Three Steps to Effectively Using 360 Feedback

May 5, 2017

If you are lucky enough to receive a 360-degree feedback survey to help you grow in your effectiveness within an organization, it’s vitally important that you do something with the results.

Constructive feedback from peers, direct reports, and bosses enable you to confirm and capitalize on your strengths and to neutralize your weaknesses in order to become a more effective leader. When taken seriously, this feedback can be especially instructive and help you reach your potential.

All too often, however, the data collected is read and then promptly put away in a file cabinet where it’s forgotten. This contributes to what is often viewed as a waste in leadership development programs.

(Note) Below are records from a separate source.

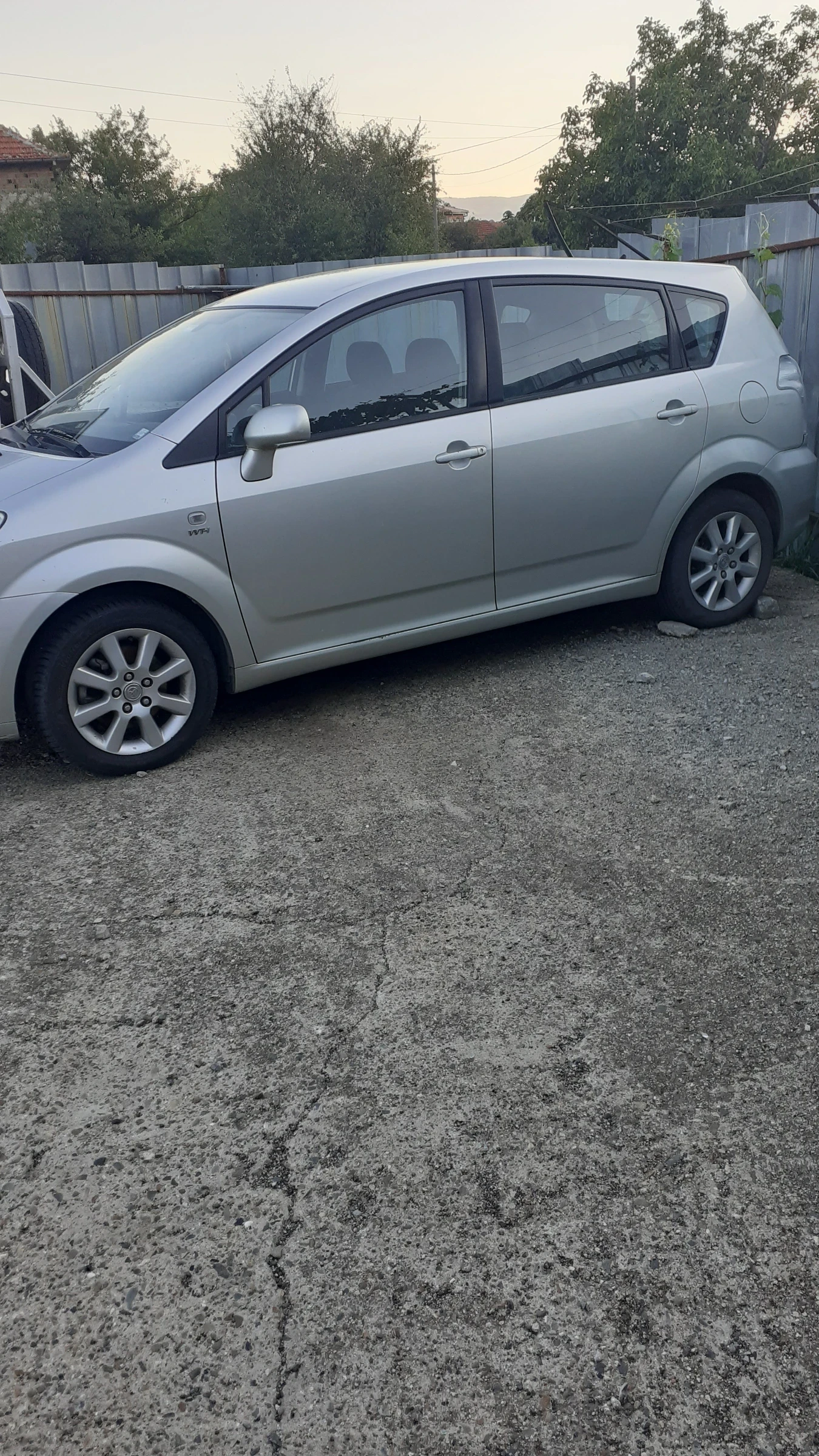 Toyota Corolla verso 1.8/129 кс - изображение 4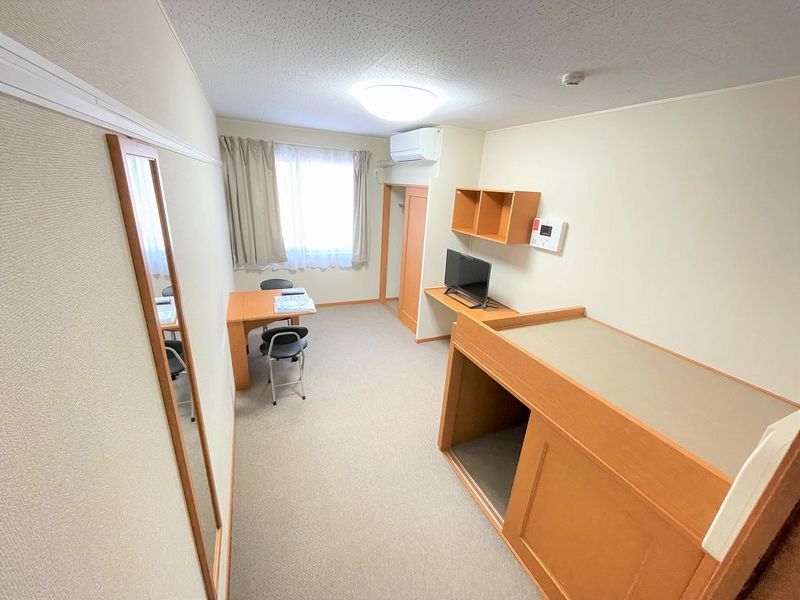 レオパレスすみれⅡ 居間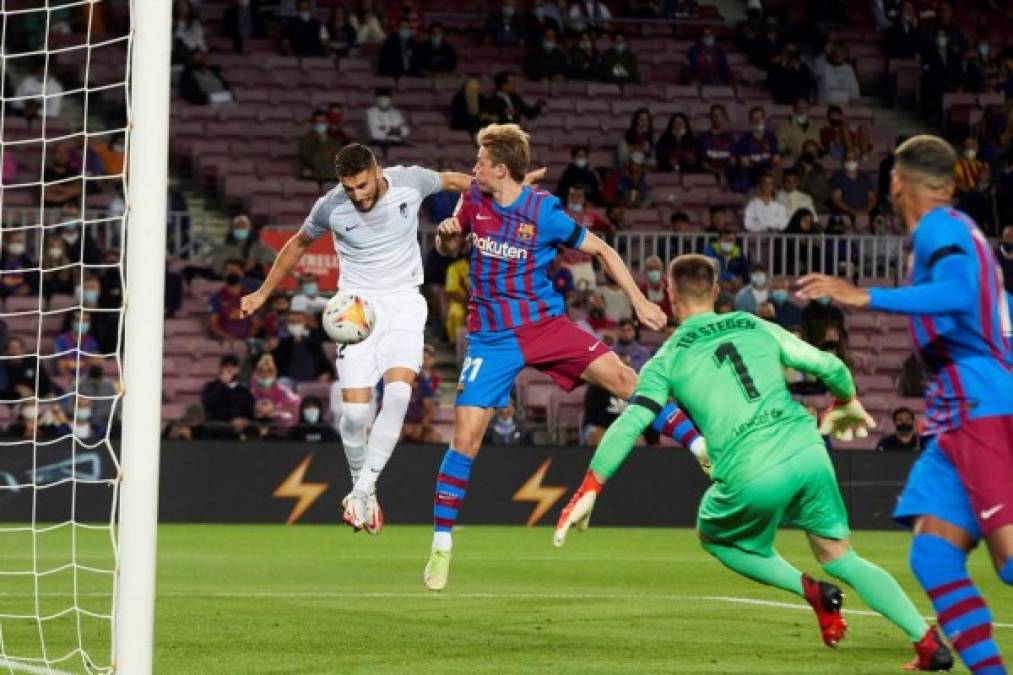 El conjunto culé nuevamente dejó mucho que desear y ha provocado el enfado de su afición que se hizo presente para ver el choque ante Granada.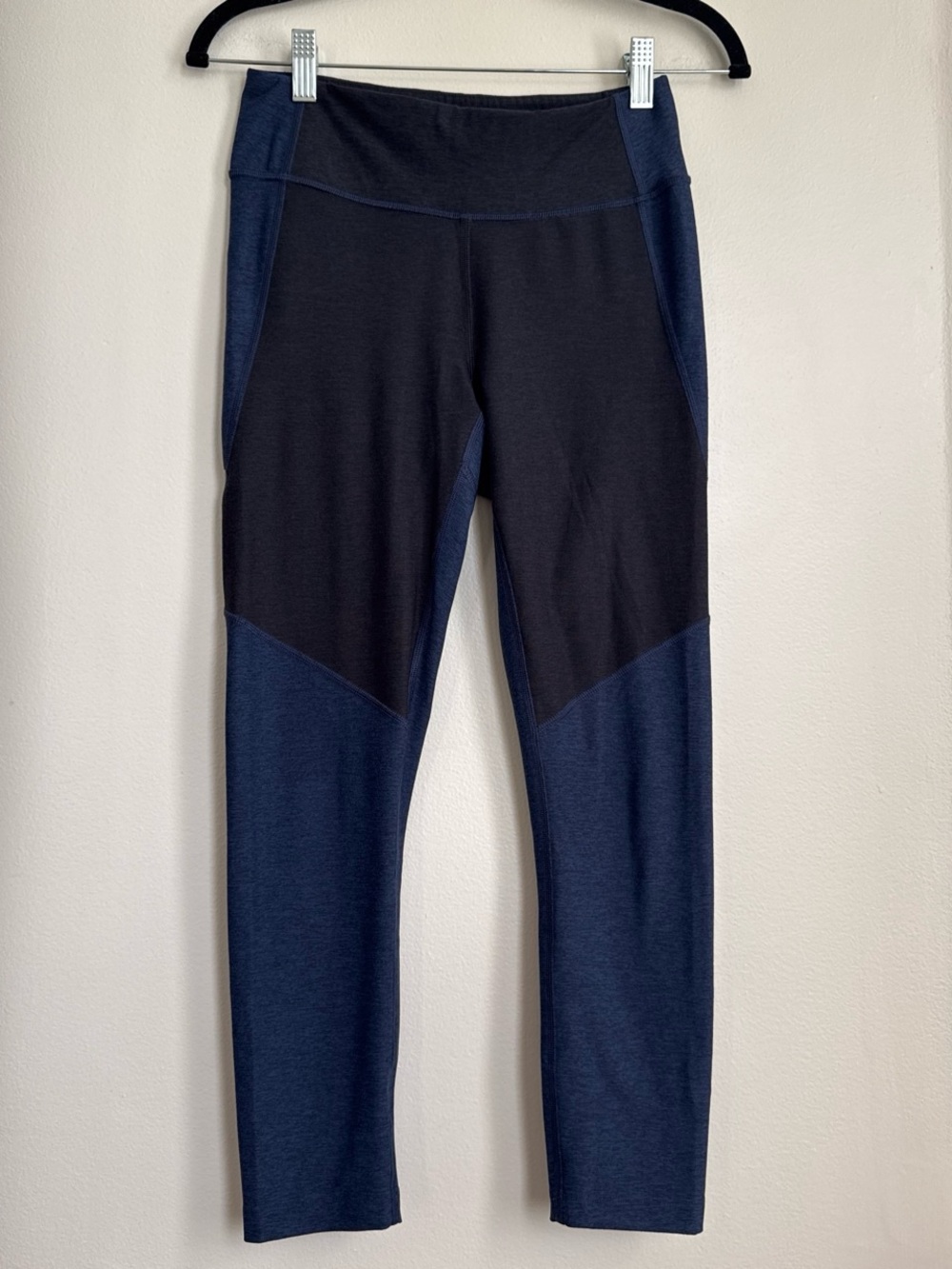 Outdoor Voices navy blue and black leggings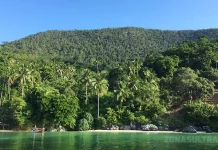 Indahnya Pesisir Baho, Air Terjun yang Langsung Jatuh ke Laut Indahnya Pesisir Baho, Air Terjun yang Langsung Jatuh ke Laut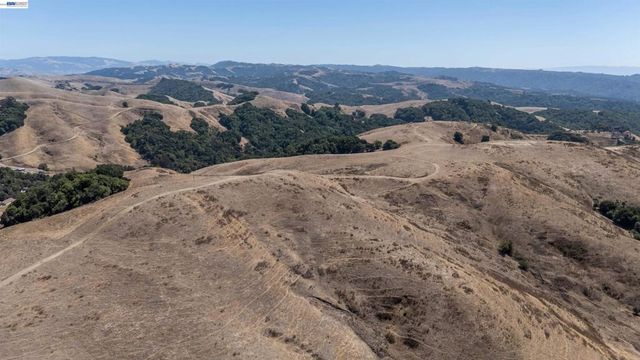 21479 Eden Canyon Rd, Castro Valley, CA 94552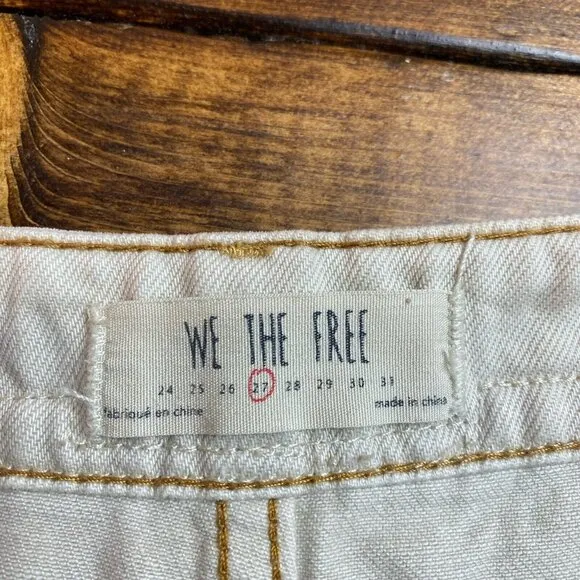 Free People We The Free women's frayed hem boho embroidered shorts size 27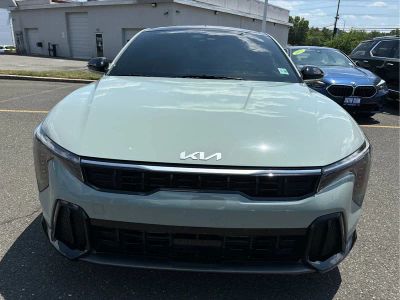 2025 Kia K4 — interior view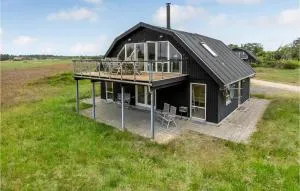 Four-Bedroom Holiday Home In Skjern - Skjern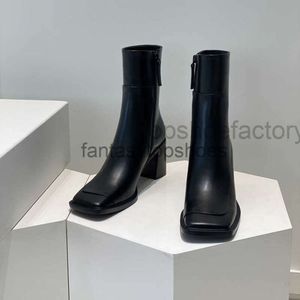 La rangée pour les chaussures tr chaussures épaisses femmes talons bottes courtes 2022 Nouveau cuir incliné carré haut latérale hauteur martin mince jambe 9J01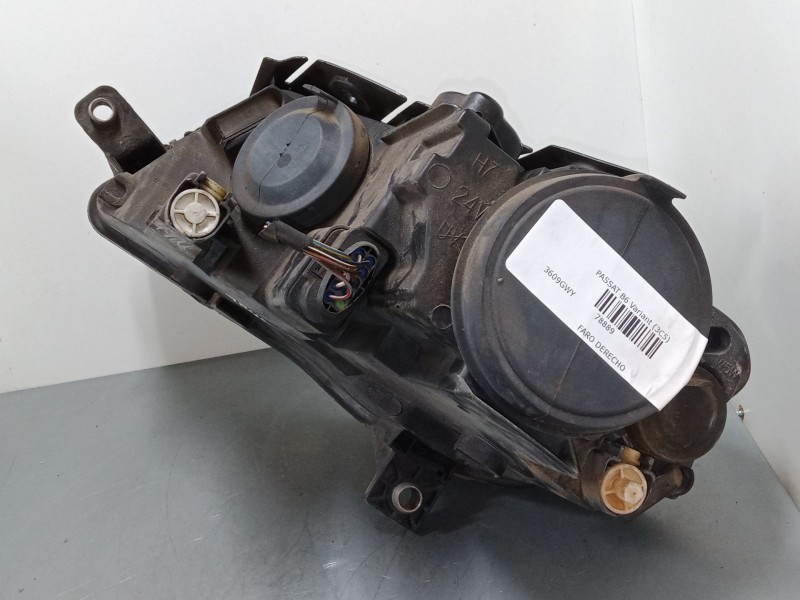 Recambio de faro derecho para volkswagen passat b6 variant (3c5) 2.0 tdi referencia OEM IAM    Recambio de faro derecho para volkswagen passat b6 variant (3c5) 2.0 tdi referencia OEM IAM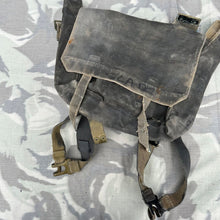 Load image into Gallery viewer, Original WW2 British Army / RAF 37 Pattern Small Pack & L Strap Set - The Militaria Shop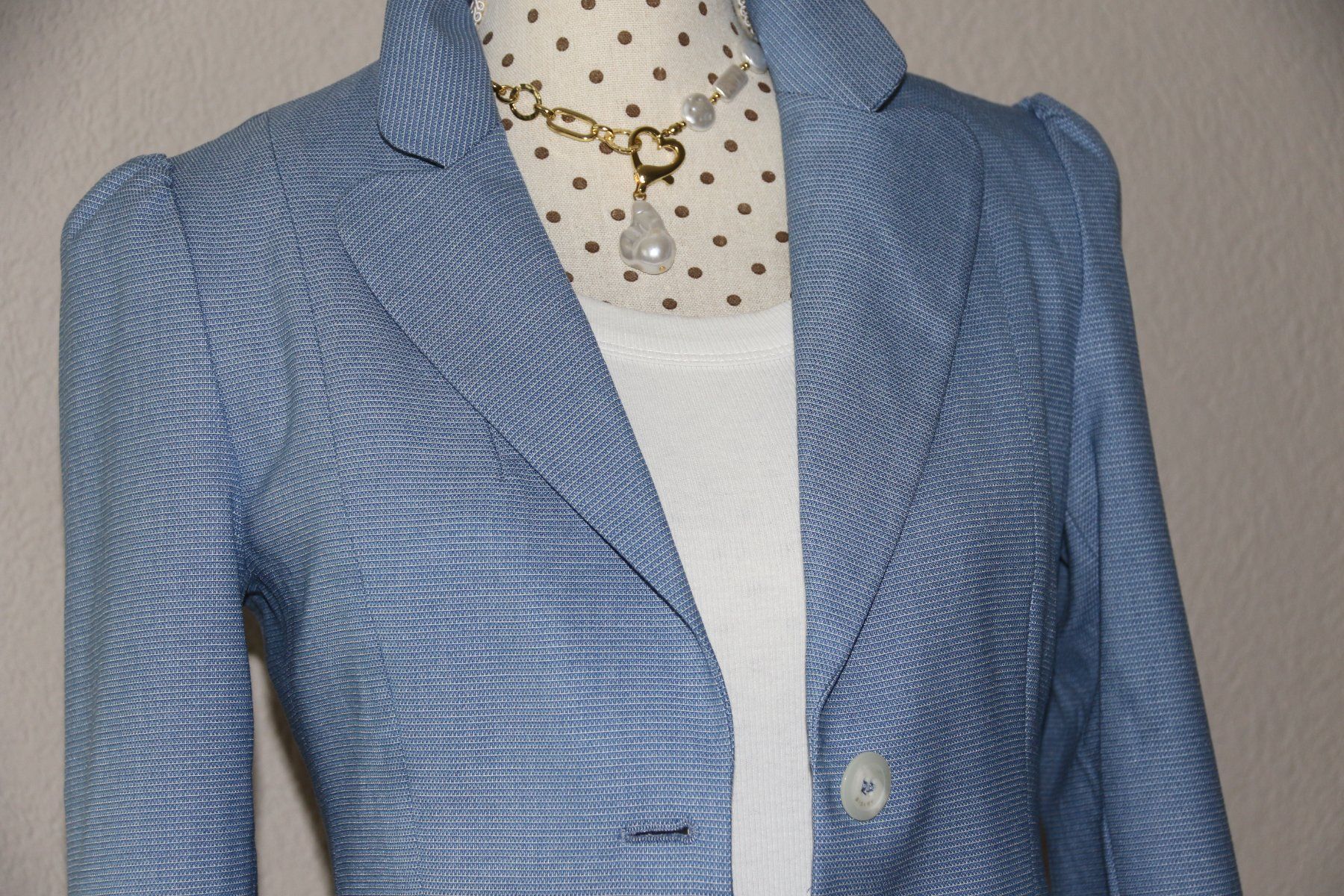 Giacche: Mega toller Blazer Gr.34 wire neu – Usato da Oberwil-Lieli venduto da Svetlana28 1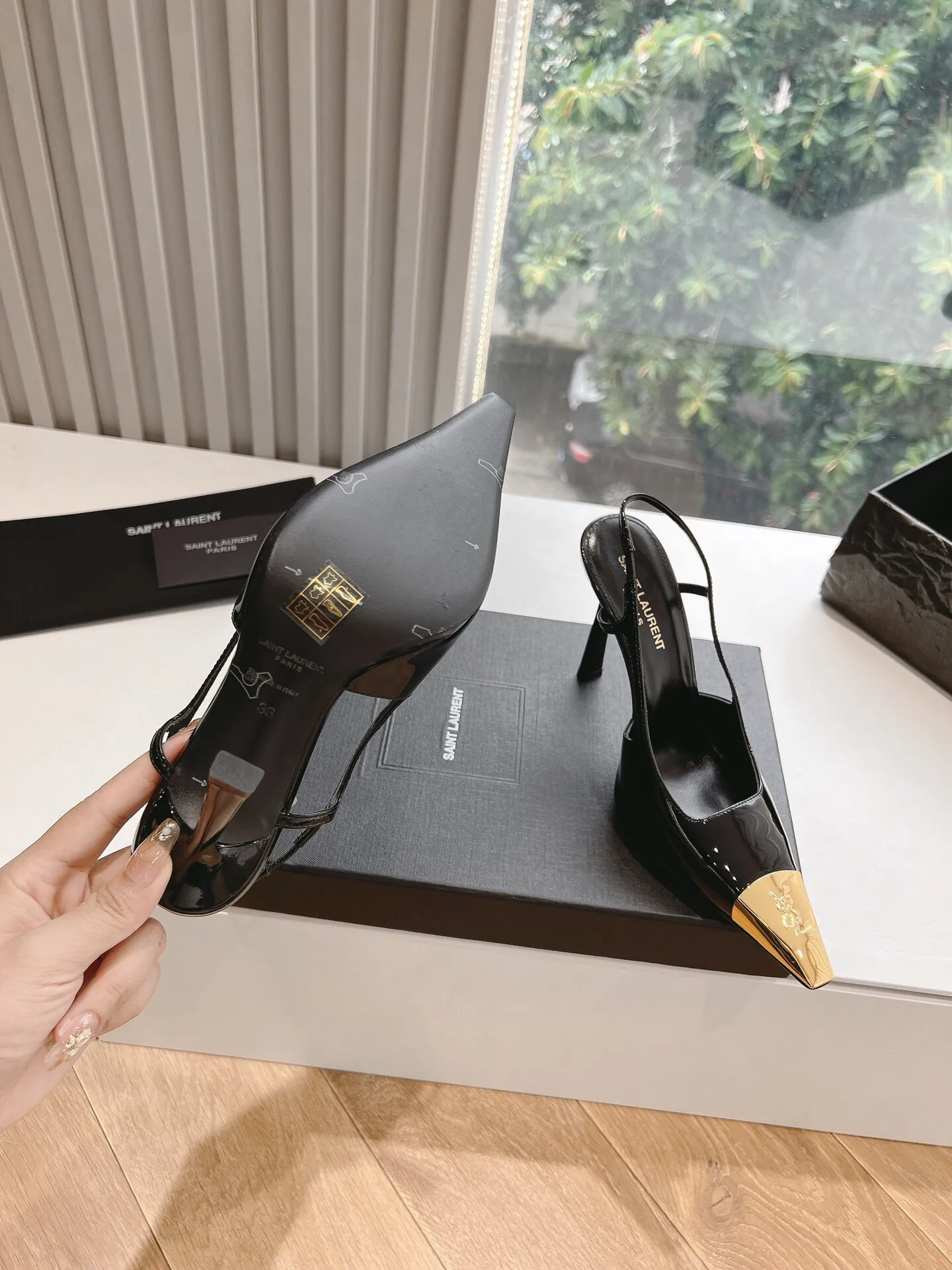 👟👟Ex-factory price 560👟👟 Women's shoes, women's clothing, women's shoes, women's clothing, top quality Saint Laurent/Yves Saint Laurent Lee metal buckle single shoes, YSL sister's beautiful high heels, and the small square toe of the same style as Saint Laurent Rose. High heels are very good at modifying the foot shape, luxury metal chain. In recent years, SL👟👟factory price is that women are becoming more and more understanding of high heels. The embarrassing design impression of the waterproof platform model is gone. YSL's beautiful high-heeled shoes. Upper: imported patent leather/cowhide. Sole: genuine leather outsole. Heel height: about 11cm. Sizes 35-39 (40, 41 customized, non-refundable and non-exchangeable)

A 2012 Study found that American companies spend almost $14 billion annually on leadership development. Much of this is wasted because there is too much attention spent on gathering data or delivering information (e.g., classroom settings) and not nearly enough in planning and executing continuous improvement and accountability.

Critics may say 360 feedback surveys are not objective and therefore may not be reliable. While it’s true that the responses are subjective to the person doing the scoring, this doesn’t mean the results are not relevant or reliable. When 15 to 20 of your colleagues agree that you have a difficult time delegating, these subjective opinions are, in fact, a valid indicator of your workplace behavior.

The data collected can sometimes turn out to be contradictory, but this too can be instructive. If, for example, your direct reports all agree you are stellar at influencing and persuading, but your CEO says otherwise, it doesn’t mean you should discount the CEO’s perspective. It means that when presenting in front of the CEO you may not be as confident, comfortable or effective as when you’re presenting to your staff.

Ideally, all of your colleagues and direct reports would voice their perspective on your strengths and weaker areas in a direct and constructive manner. But we don’t live and work in this ideal world. The survey can often be a useful way to begin a conversation.

The information you receive in results of a 360 survey can often confirm what you already know and, more importantly, contradict or surprise what you thought you knew. This should be taken and used instructively to help you to grow. Constructive feedback is not always easy to hear and often requires a coach or manager to help you develop a plan for your learning as well as hold you accountable to it.

In my experience analyzing and delivering feedback from such surveys, most of my clients find the information accurate or at least can find a kernel of truth in the responses they receive. In this way, the individual is often able to see and accept what may have previously been a blind spot for them.

In many cases, the client seeing a behavioral attribute rated particularly low by so many colleagues can help motivate him or her to make changes. This is where the guidance of a coach or manager can be especially useful in helping to navigate a successful path to growth.

The most effective process to build on the feedback is to 1) Create goals specifically around weaker areas; 2) Develop a plan for how to accomplish such goals; 3) Have someone hold you accountable for achieving the goals.

SMART Goals

By taking the low scoring areas and building SMART (Specific, Measurable, Achievable, Realistic and Time-bound) goals around them, the individual has something to work on. Writing this down and keeping it front and center keeps it actionable.

Development Plan

Once the goals are written, the next important step is to develop a plan for how to go about achieving them. Such a plan should document the necessary resources, knowledge and skills, mindsets, settings in which to practice new behaviors, and the specific individuals you will rely on for support and review.

Accountability

Few of us are disciplined enough to achieve such behavioral goals without another person holding us accountable. This is where the person’s manager (Chairman of the board in the case of a CEO) comes in. By being completely transparent with a Development Plan, the person’s boss can then encourage, support, direct and, most importantly, hold the individual accountable for the achievement of such goals.

Like any leadership development program, a 360-feedback survey is only helpful when it is combined with follow-up action. And the best way to learn anything new is not simply by reading, but by putting into action what has been learned. This can be especially challenging with regard to behavioral skills and therefore requires the three steps highlighted above.

Know thyself by taking the 360 feedback as a measure of where you are perceived to be today. Then take the appropriate steps to move this learning into actionable steps to implement behavioral changes necessary to become a better leader.